Siebel’s last quarter came with an ominous statistic. More than 70% of the company’s license revenues came from new customers. Tom played down the importance of this number, but in enterprise software, it means one thing: Siebel is having trouble selling to its installed base, and the timing couldn’t be worse.
The trick to success in the enterprise software is to grow new customers in good times and up-sell like crazy to them in bad times. This was abundantly true in the 1999-2000 enterprise software slump, and it’s equally true now.
Why is Siebel having this problem? It’s hard to know for sure, but let me share my best guess. First of all, Siebel’s customers already have a lot of functionality that they haven’t used yet – Siebel’s reputation as one of the leading shelf-ware vendors is pretty solid. The second reason is that Siebel doesn’t have a whole lot to sell besides customer-relationship management software.

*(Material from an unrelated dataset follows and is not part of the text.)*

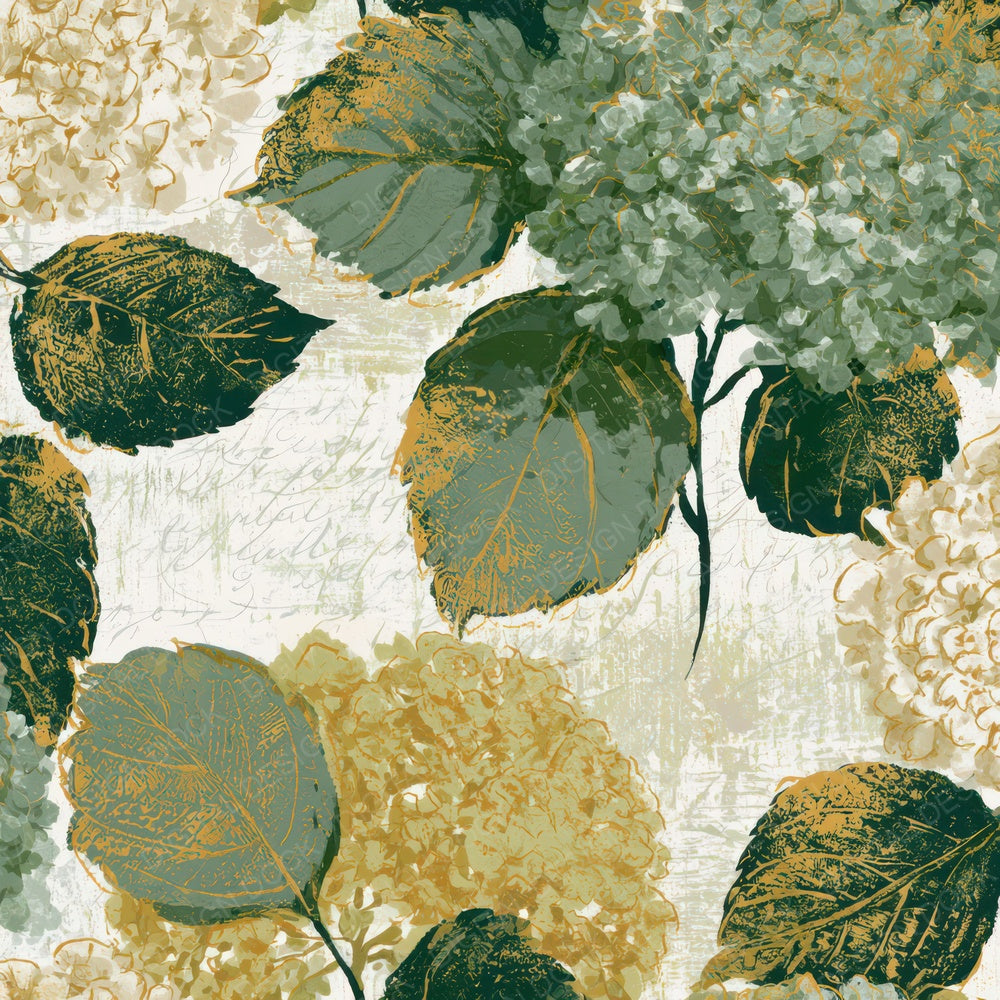 Woodblock Hydrangea Soft Green Butter Digital Paper Pack (DDD013582)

The third is that former non-competes like SAP, PeopleSoft, and Oracle are suddenly making a dent in the market.
So with deal size shrinking, up-sell hard, and three big competitors, Siebel’s revenues have only one direction to go: south, to the tune of 37% less than the previous quarter.
Meanwhile, SAP’s strengths just get stronger. The installed base has been good to SAP, accounting for 63% of last quarter’s revenues. License revenues also fell, but only by 7%. And more importantly, the old guard was buying new software: Products like CRM, portals, and e-markets grew as a percent of revenues from quarter to quarter. That’s the key: Unlike Siebel, SAP has lots of new products to sell. The company can sell old-line ERP products like finance and human resources as well as newer products like e-markets, portals, and product life-cycle management.
The latest addition to this product spread was what Plattner was able to announce at the company’s Tech Ed conference in early November. Basically, SAP is heading for two new software markets and a new set of direct competitors: enterprise application integration (EAI) tools and applications servers.
The trick is that SAP doesn’t actually have to become number one or even number two in these markets, which are currently the purview of companies like Tibco and Webmethods on the EAI front and IBM, BEA, Sun, and Oracle on the application server front. All SAP has to do is become number one in its 18,000-plus installed base and Plattner can keep laughing all the way to the bank.
And if he succeeds he gets to nail another competitor as well, the systems integrators that make a mint installing EAI and web server software. Hence the recent announcement that SAP was setting up a global services organization and increasing its stake in SAP Systems Integration AG, a (formerly) independent integration firm.
There’s a lot of ground to cover between now and a full-blown recovery in enterprise software, and Tom could still pull a rabbit out of his hat. But his options are few: It’s pretty much too late to follow SAP’s lead. Siebel can live a long time in the enterprise software danger zone as a company, but it won’t be pretty. This isn’t a company, or a CEO, that settles for second rate.